I find that the writing style and level of detail makes this kit appealing for kids from 12 to 99. The descriptions of how a microprocessor works and how it communicates with memory and peripherals are very simple but still precise. The tutorial has around 80 pages, so it's not a daunting task to go through it even with the attention span of a 12 year old and I found it to be a perfect balance between beeing too simple and too complex for people that have never touched the subject before.
The Philips 6400 Microcomputer Master Lab
Two years later, in 1983, Philips released it's microcomputer learning kit, the Philips 6400 microcomputer masterlab. While the general approach is the same as in the Busch 2090 there are some significant differences in the practical implementation. Philips used an 8-bit processor for its kit and instead of pseudo machine code instructions, real machine code was used for user programs. I very much like this approach as this is as close to the bare metal as possible. It makes programming a bit more complicated but from the tutorial I take it that the kit was addressed at a somewhat older audience than the Busch computer, perhaps 16 years and up, so this is not much of an issue. Less humor and more facts I would say.
The level of detail is much deeper compared to the Busch kit. At 160 pages the tutorial is twice the size and technical descriptions go much further and deeper. There are good technical descriptions of how two numbers are added in the hexadecimal system, how this is done in the binary system and finally of how this is implemented in hardware with Boolean logic. How subtraction is done by adding the two's complement of a number to another is also introduced as well as multiplication and division operations. The kit also introduces the reader reader to function calls, the stack and stack pointer, discusses Boolean logic (AND, OR, NAND, NOR, XOR), bit masking, jump conditions and quite a number of other bare metal operations. For somebody in the final years of high school who has a knack for mathematics, this level of detail and complexity is probably just right.

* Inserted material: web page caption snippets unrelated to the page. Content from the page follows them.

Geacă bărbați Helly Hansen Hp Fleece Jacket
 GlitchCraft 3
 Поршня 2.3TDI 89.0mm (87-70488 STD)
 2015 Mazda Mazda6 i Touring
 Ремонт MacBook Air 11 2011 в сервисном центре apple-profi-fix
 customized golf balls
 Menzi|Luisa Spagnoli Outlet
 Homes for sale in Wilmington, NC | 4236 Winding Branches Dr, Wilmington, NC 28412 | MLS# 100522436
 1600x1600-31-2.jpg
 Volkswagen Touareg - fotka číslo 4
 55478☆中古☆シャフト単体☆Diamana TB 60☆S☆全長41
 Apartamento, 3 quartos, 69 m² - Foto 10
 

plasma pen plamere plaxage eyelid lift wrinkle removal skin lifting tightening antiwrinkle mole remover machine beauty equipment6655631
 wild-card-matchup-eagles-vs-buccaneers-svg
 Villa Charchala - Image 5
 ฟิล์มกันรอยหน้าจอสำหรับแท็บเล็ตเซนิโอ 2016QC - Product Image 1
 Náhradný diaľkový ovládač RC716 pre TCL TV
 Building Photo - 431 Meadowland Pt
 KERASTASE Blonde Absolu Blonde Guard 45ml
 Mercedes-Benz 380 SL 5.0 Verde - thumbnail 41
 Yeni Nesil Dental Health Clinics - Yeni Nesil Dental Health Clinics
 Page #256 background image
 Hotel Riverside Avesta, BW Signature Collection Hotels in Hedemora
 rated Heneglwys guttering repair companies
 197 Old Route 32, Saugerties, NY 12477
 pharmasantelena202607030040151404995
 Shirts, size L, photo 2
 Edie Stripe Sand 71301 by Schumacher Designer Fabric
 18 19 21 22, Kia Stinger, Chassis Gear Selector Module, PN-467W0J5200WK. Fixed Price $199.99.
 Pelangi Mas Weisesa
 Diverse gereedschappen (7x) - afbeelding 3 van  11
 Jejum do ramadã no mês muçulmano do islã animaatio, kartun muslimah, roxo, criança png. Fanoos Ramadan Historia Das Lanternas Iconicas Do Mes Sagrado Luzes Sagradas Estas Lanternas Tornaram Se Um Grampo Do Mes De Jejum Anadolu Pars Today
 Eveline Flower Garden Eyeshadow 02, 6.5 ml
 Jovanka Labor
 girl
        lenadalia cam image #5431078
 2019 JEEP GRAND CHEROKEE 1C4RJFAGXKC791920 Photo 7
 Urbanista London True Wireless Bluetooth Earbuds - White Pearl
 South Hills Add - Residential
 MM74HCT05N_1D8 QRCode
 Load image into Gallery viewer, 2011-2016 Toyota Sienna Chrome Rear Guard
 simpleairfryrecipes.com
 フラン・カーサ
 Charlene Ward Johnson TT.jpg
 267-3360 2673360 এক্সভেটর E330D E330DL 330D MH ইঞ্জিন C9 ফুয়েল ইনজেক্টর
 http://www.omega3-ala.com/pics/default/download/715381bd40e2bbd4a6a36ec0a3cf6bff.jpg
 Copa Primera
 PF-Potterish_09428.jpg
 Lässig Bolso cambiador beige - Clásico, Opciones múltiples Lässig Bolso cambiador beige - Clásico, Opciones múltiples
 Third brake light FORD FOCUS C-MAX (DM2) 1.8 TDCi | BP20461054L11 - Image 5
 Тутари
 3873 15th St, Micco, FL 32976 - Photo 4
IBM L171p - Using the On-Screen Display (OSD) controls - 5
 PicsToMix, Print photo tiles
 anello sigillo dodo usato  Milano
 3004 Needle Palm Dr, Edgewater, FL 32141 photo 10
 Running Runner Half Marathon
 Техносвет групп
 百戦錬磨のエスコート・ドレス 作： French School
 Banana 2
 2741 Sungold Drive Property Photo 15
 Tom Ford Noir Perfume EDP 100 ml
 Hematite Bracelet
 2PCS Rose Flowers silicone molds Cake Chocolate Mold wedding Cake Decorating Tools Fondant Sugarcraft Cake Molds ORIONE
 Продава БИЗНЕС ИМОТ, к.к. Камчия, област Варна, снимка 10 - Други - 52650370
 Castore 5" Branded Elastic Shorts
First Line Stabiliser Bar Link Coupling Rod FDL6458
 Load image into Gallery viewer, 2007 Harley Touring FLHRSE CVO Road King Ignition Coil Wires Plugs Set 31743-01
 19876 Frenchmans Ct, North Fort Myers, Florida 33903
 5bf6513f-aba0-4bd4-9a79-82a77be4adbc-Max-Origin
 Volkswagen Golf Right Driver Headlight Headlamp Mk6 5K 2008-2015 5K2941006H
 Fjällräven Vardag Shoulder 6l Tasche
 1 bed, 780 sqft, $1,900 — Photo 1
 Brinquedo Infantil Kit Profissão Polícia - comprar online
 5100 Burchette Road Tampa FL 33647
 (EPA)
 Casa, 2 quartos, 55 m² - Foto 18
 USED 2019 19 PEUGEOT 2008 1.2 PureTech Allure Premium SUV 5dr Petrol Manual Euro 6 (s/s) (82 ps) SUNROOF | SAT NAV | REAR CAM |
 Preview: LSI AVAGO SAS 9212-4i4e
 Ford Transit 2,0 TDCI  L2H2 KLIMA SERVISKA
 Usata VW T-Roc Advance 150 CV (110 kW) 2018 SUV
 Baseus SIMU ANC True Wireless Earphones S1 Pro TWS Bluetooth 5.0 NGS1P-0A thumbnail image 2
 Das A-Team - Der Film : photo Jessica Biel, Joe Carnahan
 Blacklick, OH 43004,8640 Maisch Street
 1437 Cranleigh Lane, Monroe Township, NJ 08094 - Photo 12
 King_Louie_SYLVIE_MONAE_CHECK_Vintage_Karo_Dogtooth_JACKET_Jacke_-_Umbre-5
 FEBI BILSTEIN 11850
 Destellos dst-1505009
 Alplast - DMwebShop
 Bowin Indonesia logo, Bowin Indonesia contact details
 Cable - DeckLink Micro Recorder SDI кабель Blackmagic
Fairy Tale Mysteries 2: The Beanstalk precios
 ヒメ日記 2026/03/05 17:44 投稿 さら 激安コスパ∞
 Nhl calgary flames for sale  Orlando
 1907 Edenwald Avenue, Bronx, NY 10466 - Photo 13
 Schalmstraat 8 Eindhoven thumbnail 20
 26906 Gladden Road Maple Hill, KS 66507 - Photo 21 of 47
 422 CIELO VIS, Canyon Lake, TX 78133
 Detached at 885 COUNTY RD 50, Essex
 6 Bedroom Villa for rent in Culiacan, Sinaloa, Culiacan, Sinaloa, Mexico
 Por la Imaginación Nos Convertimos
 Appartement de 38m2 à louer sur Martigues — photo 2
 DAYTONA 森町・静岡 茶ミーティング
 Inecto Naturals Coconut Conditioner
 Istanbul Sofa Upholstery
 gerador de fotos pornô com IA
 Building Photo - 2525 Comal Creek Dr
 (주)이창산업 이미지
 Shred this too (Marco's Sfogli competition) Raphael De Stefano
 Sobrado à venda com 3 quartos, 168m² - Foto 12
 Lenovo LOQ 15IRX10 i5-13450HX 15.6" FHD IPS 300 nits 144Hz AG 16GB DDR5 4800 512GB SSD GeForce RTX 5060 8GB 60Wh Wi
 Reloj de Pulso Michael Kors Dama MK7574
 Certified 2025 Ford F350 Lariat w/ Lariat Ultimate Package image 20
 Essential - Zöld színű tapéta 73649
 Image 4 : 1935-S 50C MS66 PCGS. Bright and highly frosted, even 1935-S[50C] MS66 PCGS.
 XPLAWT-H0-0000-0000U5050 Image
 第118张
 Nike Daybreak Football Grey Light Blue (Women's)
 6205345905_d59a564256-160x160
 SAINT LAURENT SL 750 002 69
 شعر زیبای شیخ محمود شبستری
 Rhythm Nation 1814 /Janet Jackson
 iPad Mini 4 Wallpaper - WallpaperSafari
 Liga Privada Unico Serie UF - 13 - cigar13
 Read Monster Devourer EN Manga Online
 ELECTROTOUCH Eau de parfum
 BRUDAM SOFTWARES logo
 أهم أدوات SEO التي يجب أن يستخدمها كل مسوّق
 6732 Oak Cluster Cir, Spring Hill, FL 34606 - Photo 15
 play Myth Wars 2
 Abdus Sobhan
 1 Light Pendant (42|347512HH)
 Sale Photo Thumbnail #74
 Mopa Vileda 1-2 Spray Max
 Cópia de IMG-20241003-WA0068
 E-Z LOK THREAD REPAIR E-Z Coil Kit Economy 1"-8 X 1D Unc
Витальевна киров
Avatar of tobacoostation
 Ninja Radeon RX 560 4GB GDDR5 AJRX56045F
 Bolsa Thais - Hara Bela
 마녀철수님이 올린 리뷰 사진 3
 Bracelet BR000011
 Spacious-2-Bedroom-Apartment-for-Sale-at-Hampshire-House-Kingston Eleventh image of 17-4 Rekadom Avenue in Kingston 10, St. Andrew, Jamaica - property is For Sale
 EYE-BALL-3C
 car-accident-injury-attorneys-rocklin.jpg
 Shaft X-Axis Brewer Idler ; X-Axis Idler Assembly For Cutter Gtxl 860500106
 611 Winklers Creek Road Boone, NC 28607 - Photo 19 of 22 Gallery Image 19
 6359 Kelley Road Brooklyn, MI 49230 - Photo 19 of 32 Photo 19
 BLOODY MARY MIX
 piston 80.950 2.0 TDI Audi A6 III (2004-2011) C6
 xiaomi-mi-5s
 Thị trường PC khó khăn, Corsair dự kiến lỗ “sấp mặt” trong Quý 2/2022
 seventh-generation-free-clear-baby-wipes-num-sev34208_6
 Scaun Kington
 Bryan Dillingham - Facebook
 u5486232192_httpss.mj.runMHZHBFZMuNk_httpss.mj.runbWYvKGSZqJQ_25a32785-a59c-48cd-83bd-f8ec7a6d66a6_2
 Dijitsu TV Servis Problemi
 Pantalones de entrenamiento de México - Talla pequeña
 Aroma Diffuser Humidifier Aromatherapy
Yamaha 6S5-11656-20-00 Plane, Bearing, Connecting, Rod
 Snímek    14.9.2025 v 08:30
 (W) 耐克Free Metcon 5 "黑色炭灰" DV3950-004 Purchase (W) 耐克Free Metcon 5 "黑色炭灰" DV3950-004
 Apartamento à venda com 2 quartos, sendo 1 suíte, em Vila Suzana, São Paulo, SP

My only gripe with the tutorial is that at the beginning program listings are not explained at all and the user has to type in numbers without really knowing what they do or what they stand for. This gets better as more details are introduced as shown in the image on the left but I still felt when reading the tutorial that the program listings should have contained more explanations on an instruction to instruction basis for an easier understanding.
The Kosmos CP1
The tutorial I have of this kit is from 1983 so it also seems to have been brought to the market two years after the Busch 2090. Like the Busch computer, the Kosmos CP1 also seems to address a younger audience as the introduction to computing is quite on a high level of abstraction. Like the Busch approach, the kit uses pseudo-machine instructions, that are, however, much more abstracted than the Busch pseudo-instructions that stick much closer to real machine instructions.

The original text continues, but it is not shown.